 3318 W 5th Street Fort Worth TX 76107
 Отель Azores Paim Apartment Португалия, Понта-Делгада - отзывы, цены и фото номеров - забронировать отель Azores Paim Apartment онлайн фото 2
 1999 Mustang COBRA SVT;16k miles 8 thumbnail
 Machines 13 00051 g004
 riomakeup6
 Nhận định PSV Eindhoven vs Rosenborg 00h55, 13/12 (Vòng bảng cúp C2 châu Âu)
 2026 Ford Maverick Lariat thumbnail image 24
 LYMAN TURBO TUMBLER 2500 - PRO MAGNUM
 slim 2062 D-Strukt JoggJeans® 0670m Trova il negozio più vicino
====================
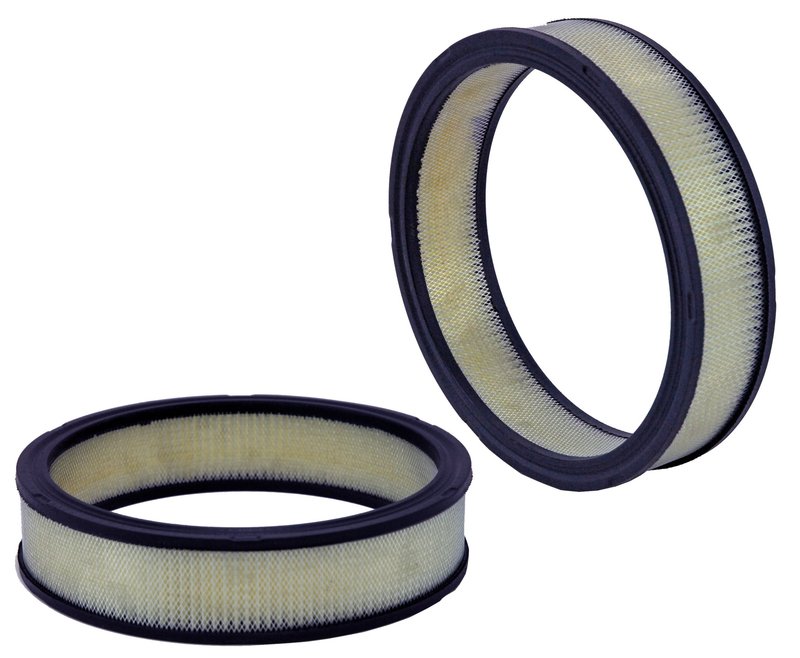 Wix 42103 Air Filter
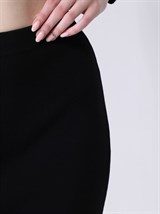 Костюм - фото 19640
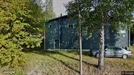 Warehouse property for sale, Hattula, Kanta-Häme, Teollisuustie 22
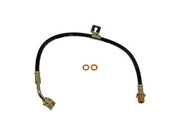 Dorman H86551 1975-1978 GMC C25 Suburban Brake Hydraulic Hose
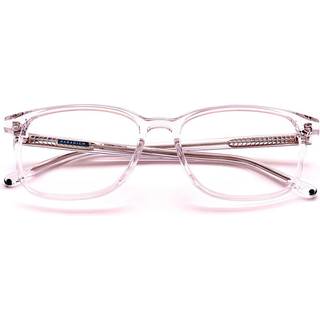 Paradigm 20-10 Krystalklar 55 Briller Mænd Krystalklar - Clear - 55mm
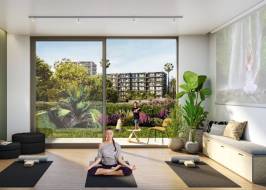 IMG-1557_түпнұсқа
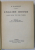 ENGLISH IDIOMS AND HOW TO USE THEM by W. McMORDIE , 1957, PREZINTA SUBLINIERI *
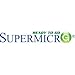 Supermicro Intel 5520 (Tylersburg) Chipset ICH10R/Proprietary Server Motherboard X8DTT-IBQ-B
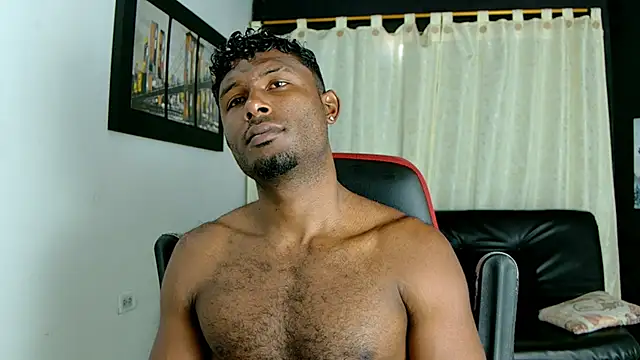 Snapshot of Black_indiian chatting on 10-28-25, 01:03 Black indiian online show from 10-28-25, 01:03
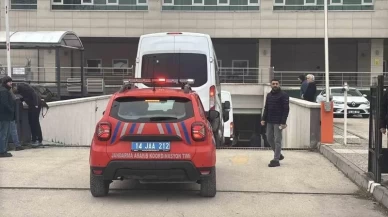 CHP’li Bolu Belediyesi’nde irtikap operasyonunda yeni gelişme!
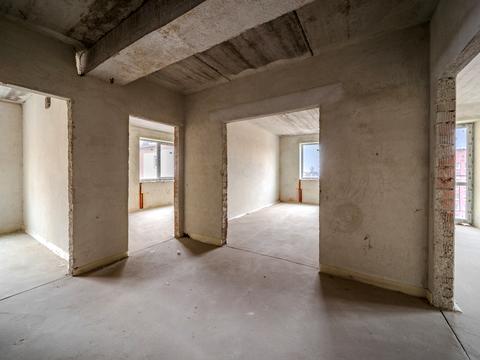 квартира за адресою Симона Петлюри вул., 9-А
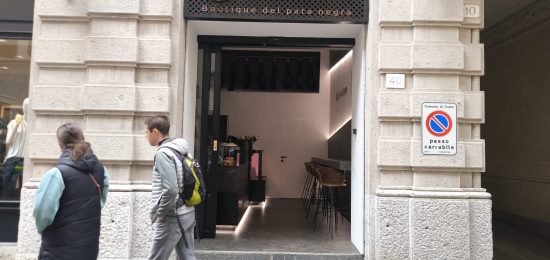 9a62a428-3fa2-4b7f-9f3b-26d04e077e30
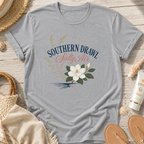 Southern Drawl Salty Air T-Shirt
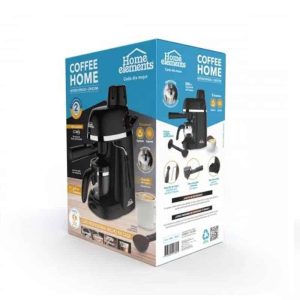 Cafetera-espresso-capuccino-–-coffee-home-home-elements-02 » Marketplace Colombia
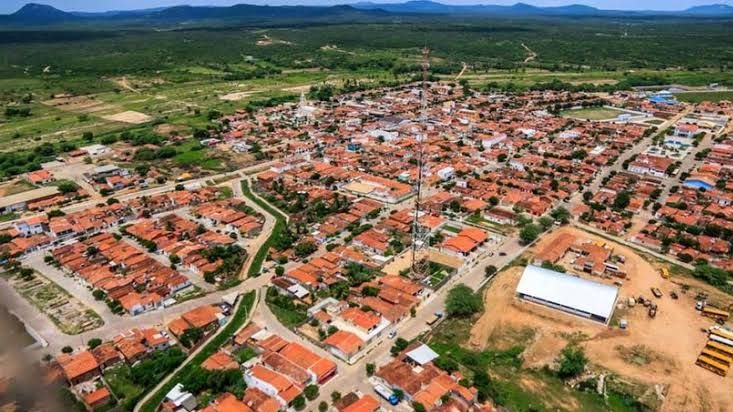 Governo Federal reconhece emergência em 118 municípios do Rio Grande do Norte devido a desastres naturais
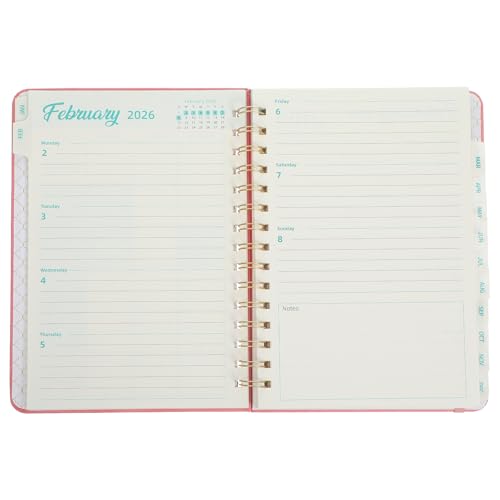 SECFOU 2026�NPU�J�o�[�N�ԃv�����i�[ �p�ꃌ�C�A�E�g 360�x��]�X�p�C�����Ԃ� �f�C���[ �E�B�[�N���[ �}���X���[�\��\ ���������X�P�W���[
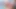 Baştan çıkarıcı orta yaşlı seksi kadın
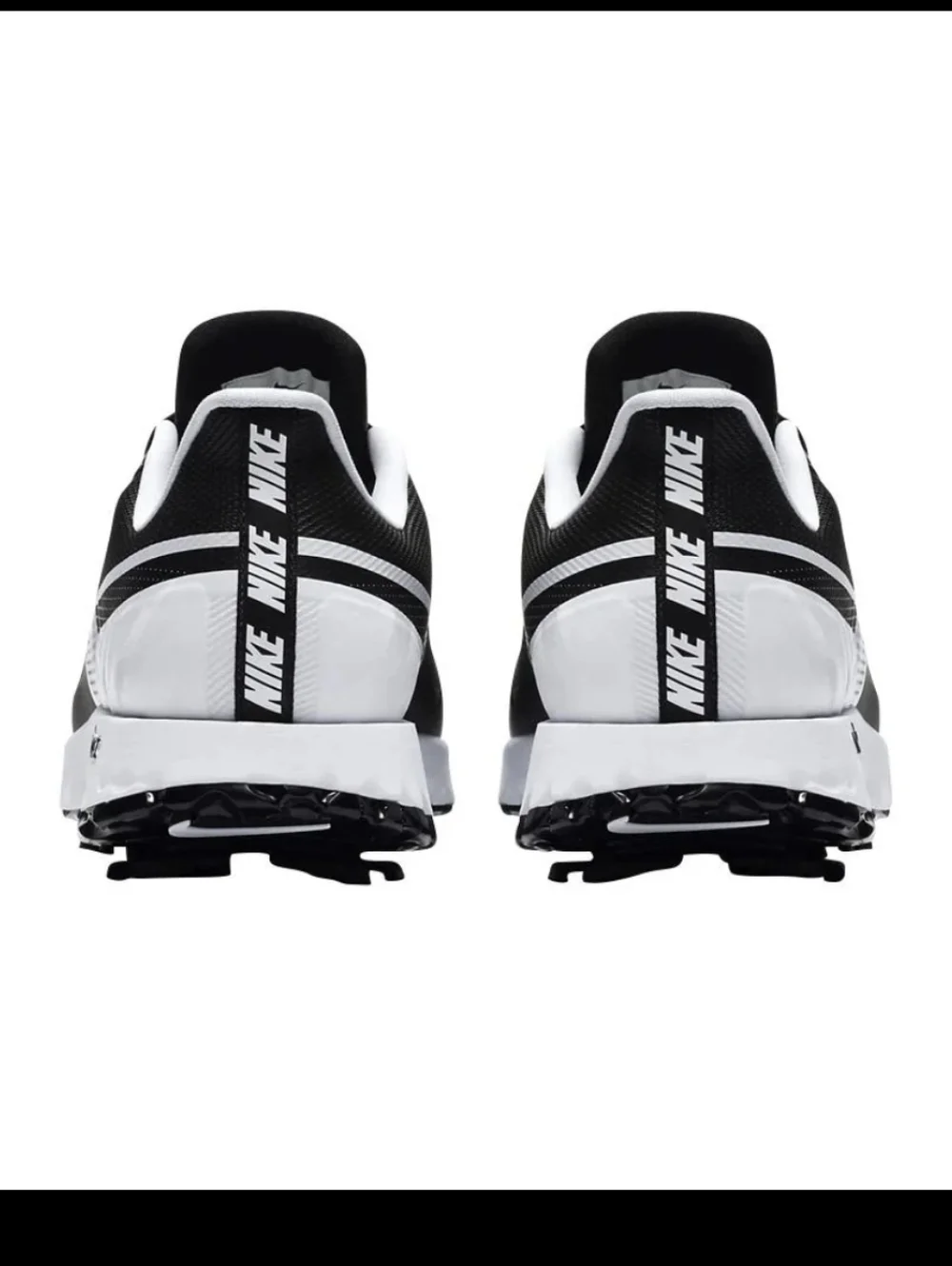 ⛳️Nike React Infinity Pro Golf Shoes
====================
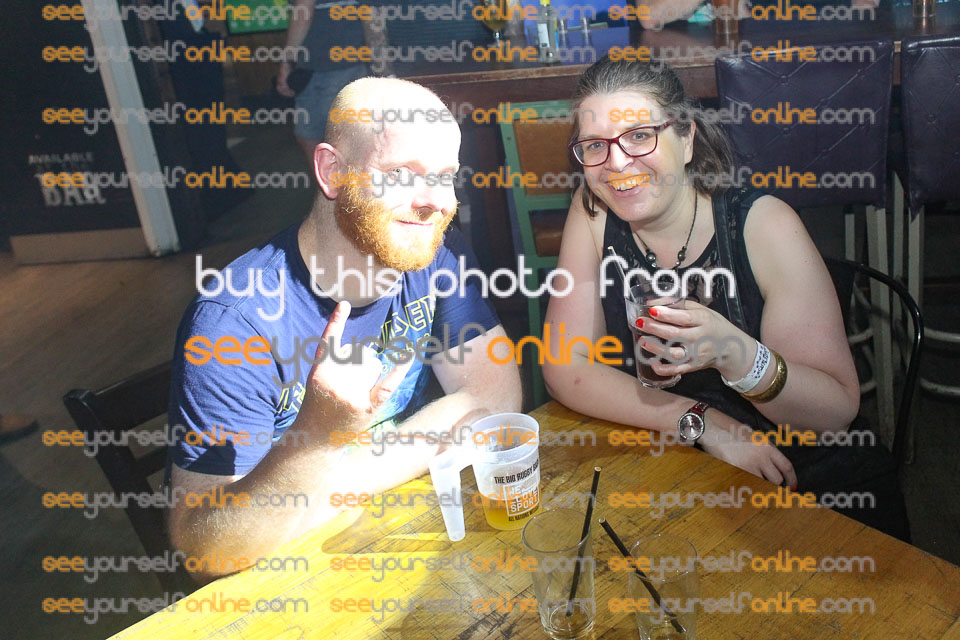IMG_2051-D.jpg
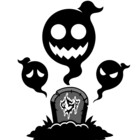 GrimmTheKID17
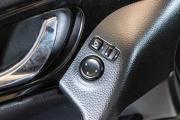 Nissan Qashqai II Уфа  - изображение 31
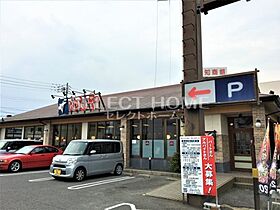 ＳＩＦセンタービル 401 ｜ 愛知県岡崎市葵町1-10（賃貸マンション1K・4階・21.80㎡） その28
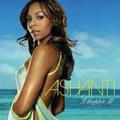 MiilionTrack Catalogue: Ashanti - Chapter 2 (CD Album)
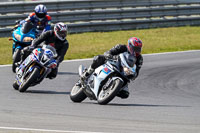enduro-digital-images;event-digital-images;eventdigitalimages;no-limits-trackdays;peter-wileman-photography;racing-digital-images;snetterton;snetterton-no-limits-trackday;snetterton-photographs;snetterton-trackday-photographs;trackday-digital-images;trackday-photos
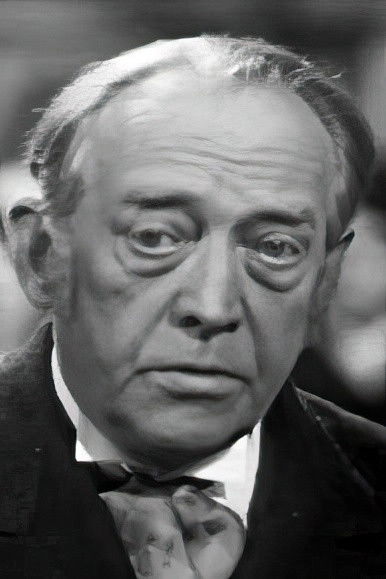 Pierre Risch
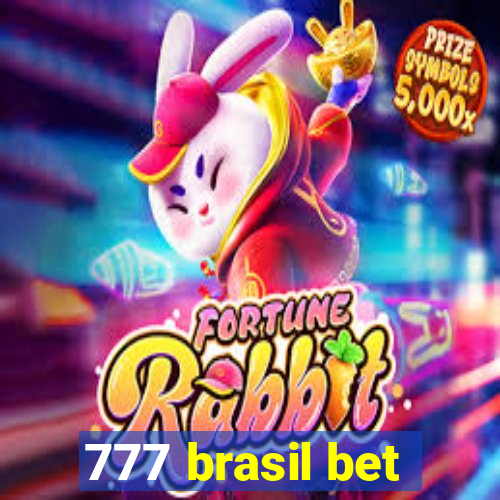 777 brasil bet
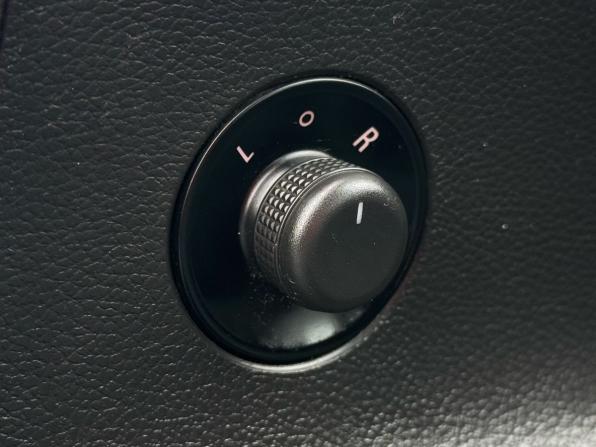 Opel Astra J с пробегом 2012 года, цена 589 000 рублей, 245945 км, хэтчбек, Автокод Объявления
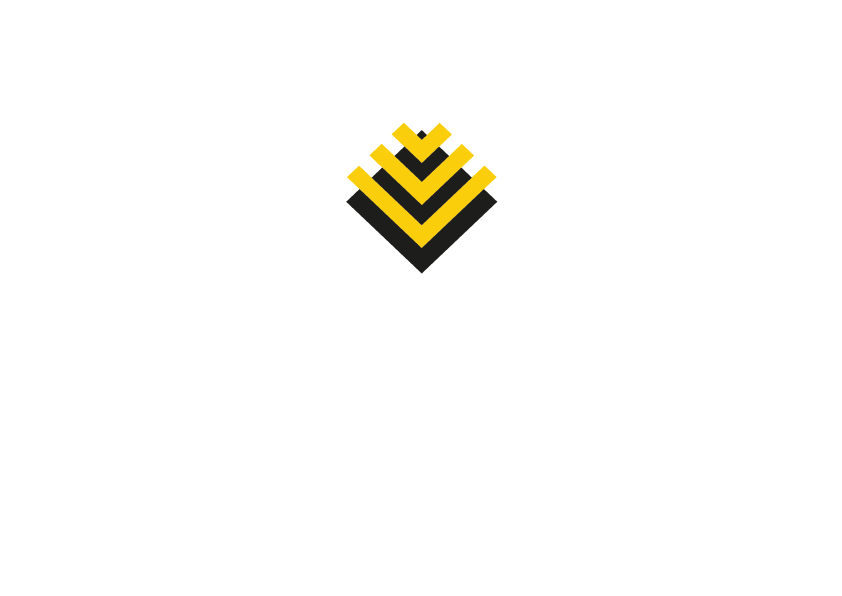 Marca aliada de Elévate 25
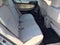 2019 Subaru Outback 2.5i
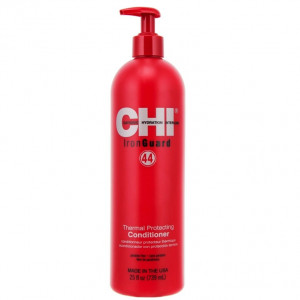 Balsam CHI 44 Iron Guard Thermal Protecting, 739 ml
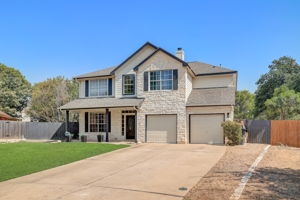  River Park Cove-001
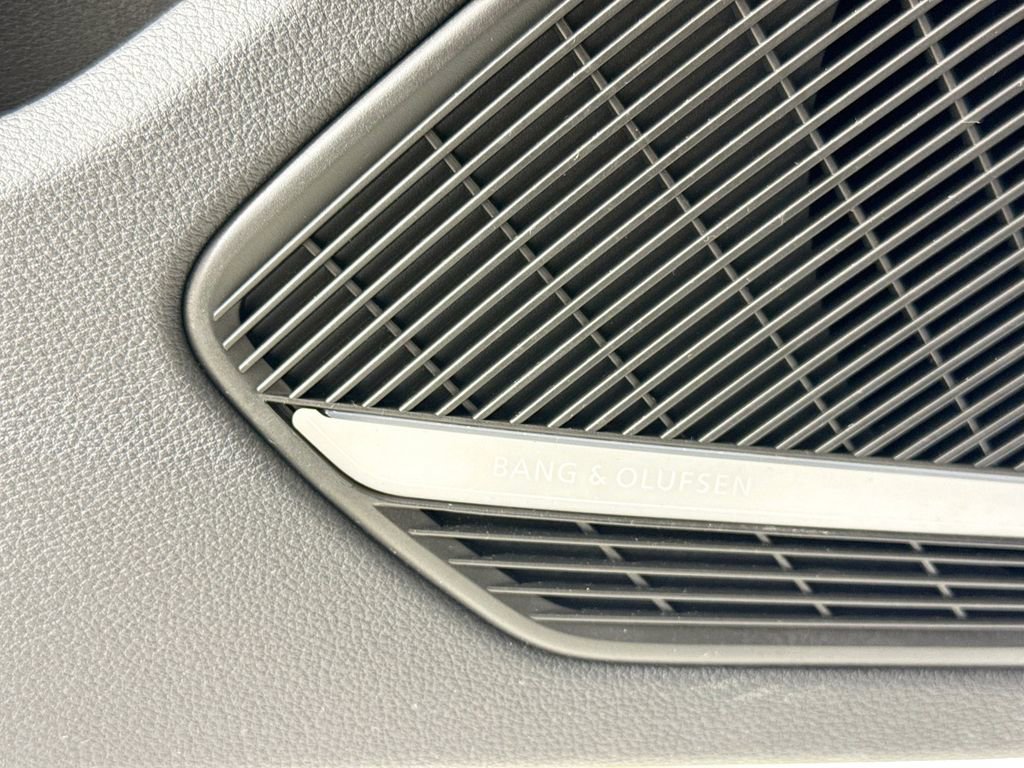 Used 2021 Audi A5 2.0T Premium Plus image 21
====================
■ **Aim of the task**
Beginning at the line above that contains "GrimmTheKID17", repeat each line exactly through the one that contains "MiilionTrack Catalogue: Ashanti", and leave out the pictures.

■ **Solution to this problem**
 GrimmTheKID17
 Nissan Qashqai II Уфа  - изображение 31
 ＳＩＦセンタービル 401 ｜ 愛知県岡崎市葵町1-10（賃貸マンション1K・4階・21.80㎡） その28
 MiilionTrack Catalogue: Ashanti - Chapter 2 (CD Album)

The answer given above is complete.